After locating the line that holds "Fressnapf AniOne Outdoor Spielzeug Angebot", repeat it and each following line exactly until the material ends, skipping pictures.

==*==

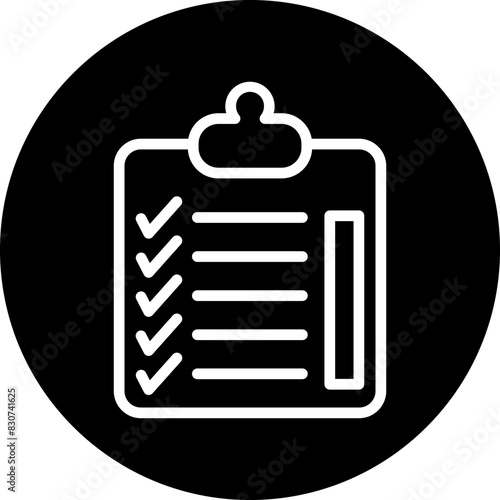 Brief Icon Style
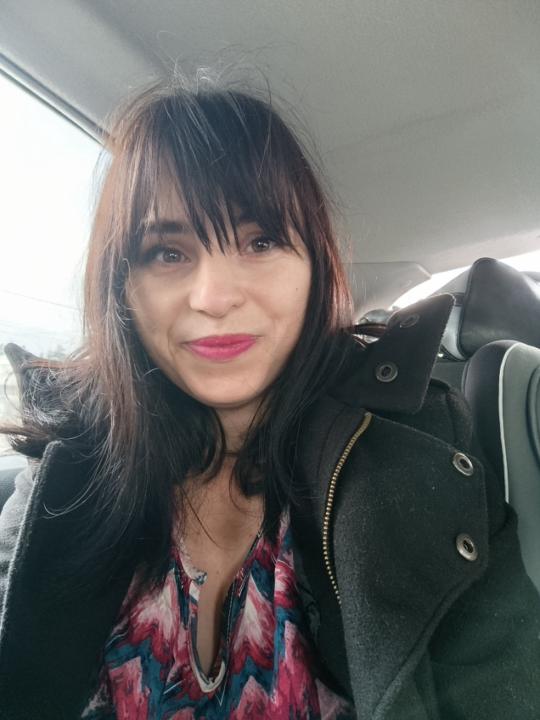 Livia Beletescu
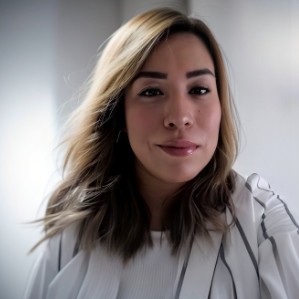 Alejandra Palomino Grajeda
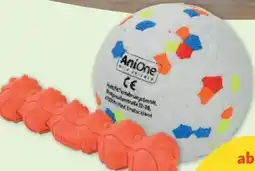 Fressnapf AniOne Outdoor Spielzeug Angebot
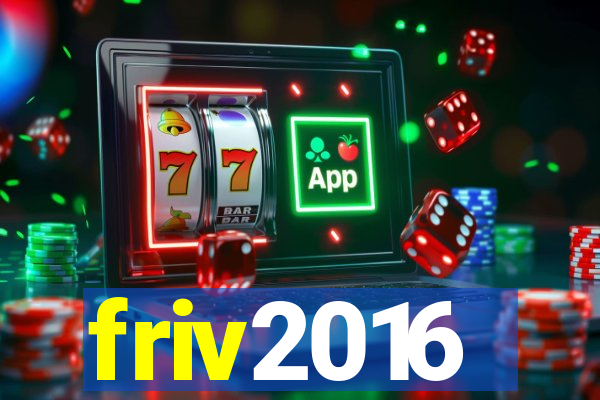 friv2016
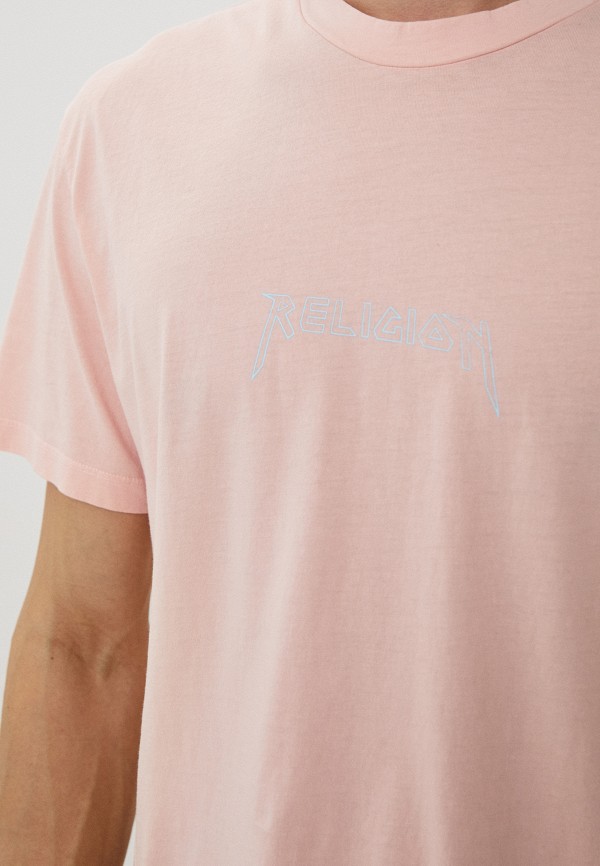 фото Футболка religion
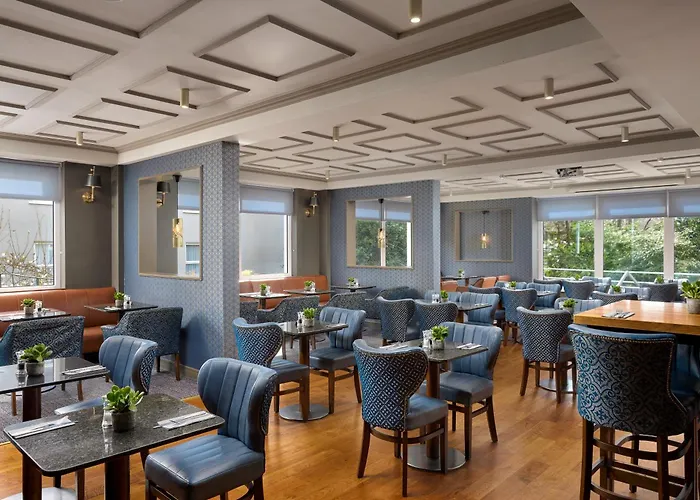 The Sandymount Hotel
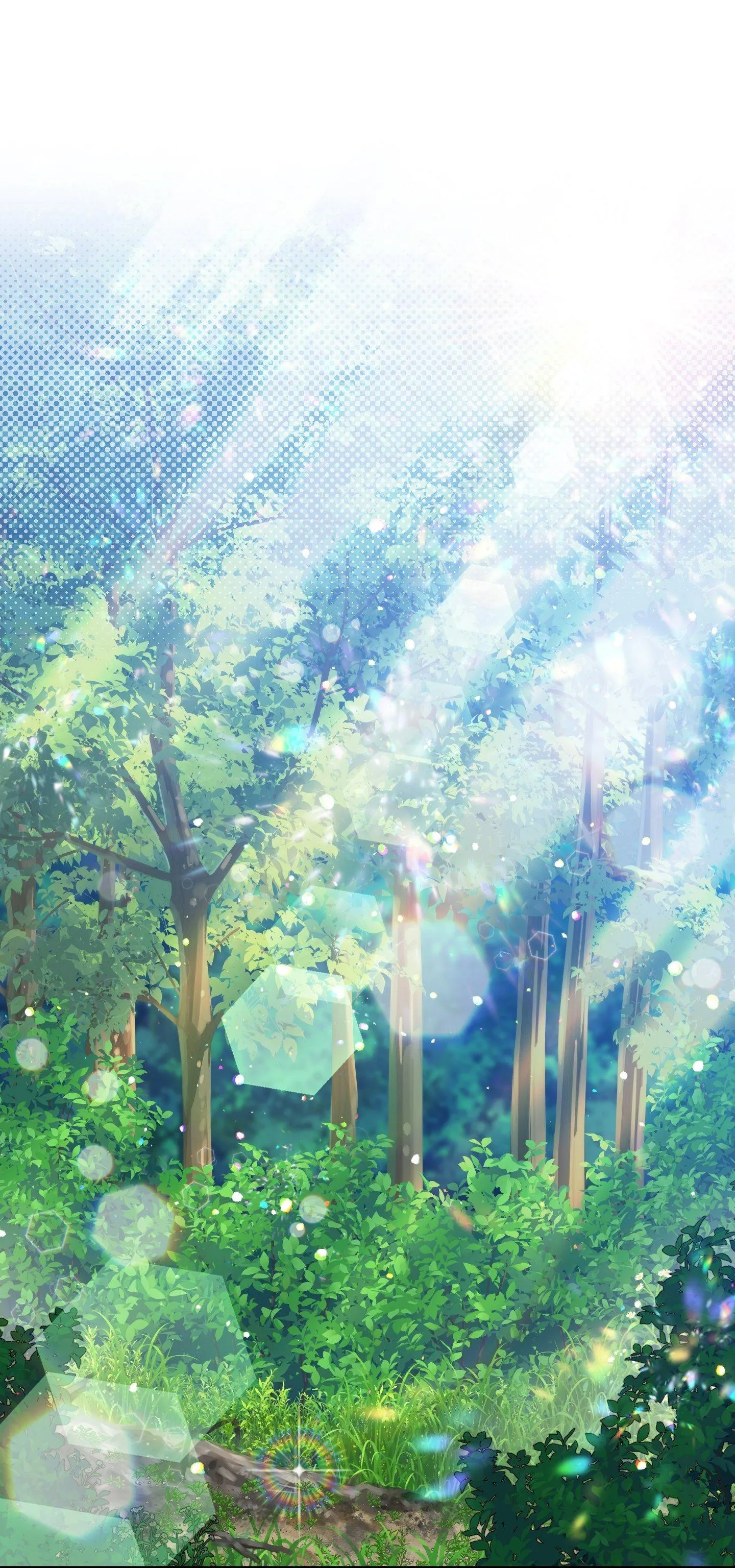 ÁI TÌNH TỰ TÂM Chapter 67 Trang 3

==*==

**Expected answer**.
 Fressnapf AniOne Outdoor Spielzeug Angebot
 friv2016
 фото Футболка religion
 The Sandymount Hotel
 ÁI TÌNH TỰ TÂM Chapter 67 Trang 3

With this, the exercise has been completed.